On May 16, Wang had taken part in four one-on-one battles with influencers with the aim of earning the most amount of gifts from fans within a short space of time. He lost three of the rounds and then consumed baijiu as a punishment, totaling at least seven bottles that night, according to viewers. Wang finished his live streaming after midnight. His friend told a Chinese news outlet that he was discovered dead the following afternoon. When his family found him, he was already gone. He didn’t even get a chance for emergency treatment,’ a man named Mr. Zhao told Shangyou News. Drinking during live streams is banned by Douyin. Penalties include warnings, users being restricted from livestream competitions, and users being shown on the app.
Wang had previously been banned from the app for drinking but he bypassed this by opening new accounts, Chinese media reported. His most recent account had amassed more than 44,000 followers. A report by authorities last year found more than one billion internet users were active on short video platforms such as Douyin and the industry is worth around 199 billion yuan (£ 22 billion). Wang’s death has fueled renewed calls for the safety and regulation of such apps.
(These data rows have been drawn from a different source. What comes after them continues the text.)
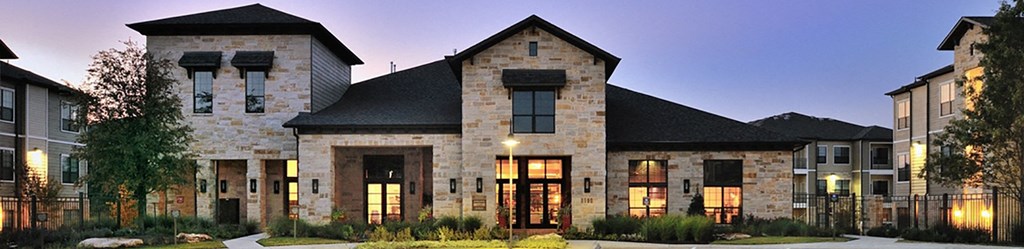 a home is lit up at night in a neighborhood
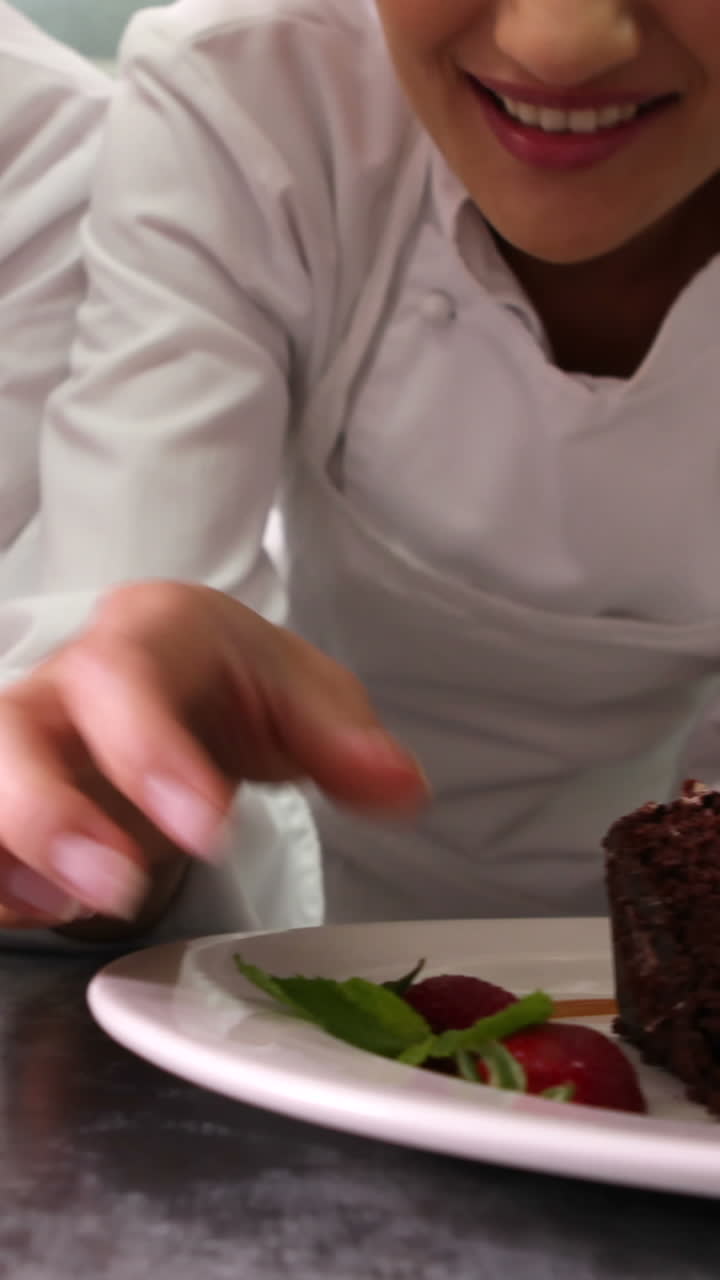 línea de chefs adornando platos de postre con hojas de menta y fresas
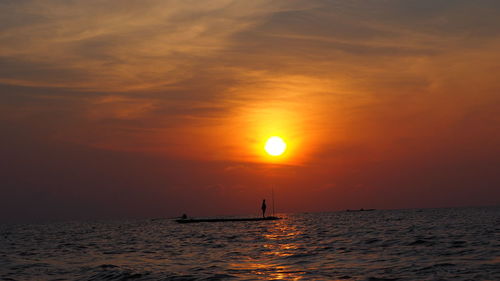 Scenic view of sea against orange sky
The People’s Daily’s opinion section published a comment on Weibo denouncing “off-track livestream behavior.” A number of Chinese live streamers have died as a result of their online activity. Yu Hailong, who became famous for eating large amounts of food on Douyin, died in 2021 after long hours of high-intensity work,’ according to his agency. Dafei, a live streamer notorious for drinking beer and cooking oil in front of an audience, died shortly after an online broadcast in 2018.